Qualitative measures Qualitative measures, such as interviews, observations and questionnaires that measure HRQoL, are a good indicator of the efficacy of a patient’s treatment. A number of questionnaires have been designed to measure QoL in those with diabetes and retinal disease:

• Audit of Diabetes-Dependent Quality of Life questionnaire consists of two parts, the first of which measures generic overall QoL. A further 19 items consider the impact of diabetes on specific aspects of life, such as physical health, work, leisure activities, family life and close personal relationships. Respondents evaluate how life would be if they did not have diabetes. Data from the questionnaire are combined with the patient’s demographic data, duration of illness, and any existing complications of diabetes they may have.²⁰
• Retinopathy-Dependent Quality of Life questionnaire is modeled on the Audit of Diabetes-Dependent Quality of Life questionnaire.

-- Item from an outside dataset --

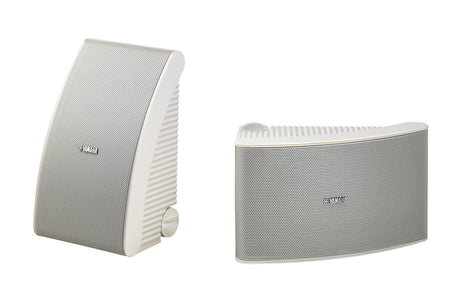 Parlantes exteriores Yamaha NS-AW592 blancos, par completo sobre fondo blanco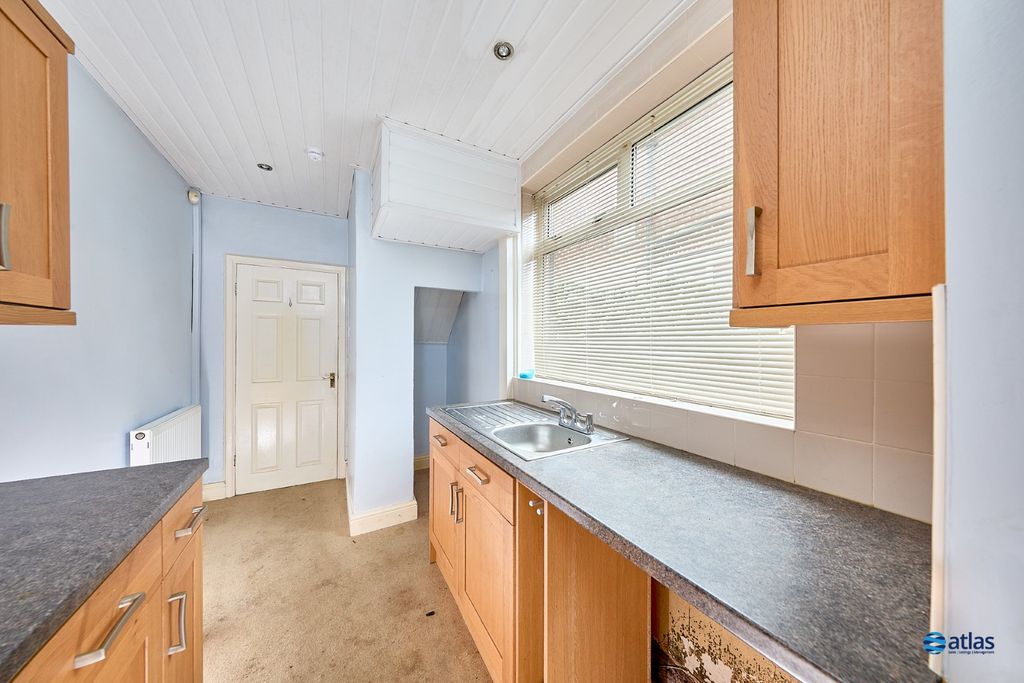 Property photo 2 of 15 Kitchen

It measures individualized QoL by allowing participants to indicate the impact of their condition on different aspects of life, and how important these aspects are to them.²¹
• Macular Degeneration Quality of Life questionnaire consists of two parts. The first collects personal and demographic data such as age, sex, race and ethnicity. The second consists of a two-part question: how long an individual expects to live, and how long they would be prepared to live for if a treatment existed that would permanently cure them but decrease the length of their life.²²

These HRQoL measures, together with the quantitative values, have a qualitative real-world meaning, as they can provide an indication of the disease impact, as well as the likely impact of treatments on the patient. Considering these outcomes is, therefore, important when planning DME therapy. For example, a treatment that can improve BCVA enough to enable a patient to drive or complete daily activities can improve confidence levels and have an enormous positive effect.²³

Conclusion A range of quantitative and qualitative measures evaluating anatomical, functional and HRQoL aspects are available to assess and monitor not only the vision but also the general well-being of patients with DME. An accurate and comprehensive assessment, including a combination of these measures, is important to understand the impact that the disease and any treatments have on the patient, and to enable appropriate decisions about a patient’s treatment pathway. Evaluation of any potential new treatment requires not only an assessment of its effect on visual function, but also consideration of the patient’s satisfaction and the impact of the treatment on his/her condition and QoL.²¹

Sara Vaz-Pereira, MD, is a graduate of the Faculty of Medicine, University of Lisbon, Portugal. She completed her ophthalmology residency at the Hospital de Santa Maria, Lisbon and a fellowship in medical retina at Moorfields Eye Hospital, London, UK. During her training, she was awarded several prizes at ophthalmology meetings and a clinical research scholarship in diabetes. In 2013, she was the recipient of the Portuguese SOE (European Society of Ophthalmology) Lecture diploma, awarded to highly promising young clinicians and researchers. Currently, Dr Vaz-Pereira works as a consultant Ophthalmologist at Hospital de Santa Maria, and is an invited Lecturer at the Faculty of Medicine of Lisbon. Her main research interests include medical retina imaging, diabetic retinopathy and AMD.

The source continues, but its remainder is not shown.